◆ EXERCISE DETAILS: Scan the entries and copy each line where the word "Studio" is present.

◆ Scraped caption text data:
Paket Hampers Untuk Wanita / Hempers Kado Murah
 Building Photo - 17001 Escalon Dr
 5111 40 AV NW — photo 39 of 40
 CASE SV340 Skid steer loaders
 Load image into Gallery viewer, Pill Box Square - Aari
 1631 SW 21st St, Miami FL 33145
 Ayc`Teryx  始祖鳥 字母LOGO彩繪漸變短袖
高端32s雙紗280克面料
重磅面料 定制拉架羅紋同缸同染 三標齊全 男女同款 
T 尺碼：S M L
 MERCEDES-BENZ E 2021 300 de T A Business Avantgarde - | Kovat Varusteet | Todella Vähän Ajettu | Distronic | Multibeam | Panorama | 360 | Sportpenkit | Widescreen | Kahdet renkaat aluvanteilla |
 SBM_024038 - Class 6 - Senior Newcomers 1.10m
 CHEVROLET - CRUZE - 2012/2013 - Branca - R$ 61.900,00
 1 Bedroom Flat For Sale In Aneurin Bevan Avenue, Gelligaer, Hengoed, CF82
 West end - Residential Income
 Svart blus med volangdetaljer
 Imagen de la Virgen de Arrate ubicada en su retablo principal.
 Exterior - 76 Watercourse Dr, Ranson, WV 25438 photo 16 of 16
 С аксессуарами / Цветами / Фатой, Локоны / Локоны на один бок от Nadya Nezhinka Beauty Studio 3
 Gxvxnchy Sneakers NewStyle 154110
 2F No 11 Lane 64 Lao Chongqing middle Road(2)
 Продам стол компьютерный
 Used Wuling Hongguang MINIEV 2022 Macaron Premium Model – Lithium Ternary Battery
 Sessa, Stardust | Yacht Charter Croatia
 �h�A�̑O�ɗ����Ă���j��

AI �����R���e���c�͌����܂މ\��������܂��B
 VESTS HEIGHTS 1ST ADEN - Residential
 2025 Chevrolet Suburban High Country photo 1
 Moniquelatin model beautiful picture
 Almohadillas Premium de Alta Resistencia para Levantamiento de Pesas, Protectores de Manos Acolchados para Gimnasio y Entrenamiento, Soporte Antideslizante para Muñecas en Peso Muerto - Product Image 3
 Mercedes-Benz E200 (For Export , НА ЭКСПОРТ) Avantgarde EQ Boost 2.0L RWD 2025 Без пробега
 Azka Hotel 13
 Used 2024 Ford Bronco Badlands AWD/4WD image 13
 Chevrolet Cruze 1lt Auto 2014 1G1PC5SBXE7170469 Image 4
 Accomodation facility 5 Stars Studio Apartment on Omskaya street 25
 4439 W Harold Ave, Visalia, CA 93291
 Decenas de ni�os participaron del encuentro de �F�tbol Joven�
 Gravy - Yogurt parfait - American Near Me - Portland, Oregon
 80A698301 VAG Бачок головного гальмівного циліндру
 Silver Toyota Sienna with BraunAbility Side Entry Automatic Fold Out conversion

◆ OUTPUT BELOW:
 С аксессуарами / Цветами / Фатой, Локоны / Локоны на один бок от Nadya Nezhinka Beauty Studio 3
 Accomodation facility 5 Stars Studio Apartment on Omskaya street 25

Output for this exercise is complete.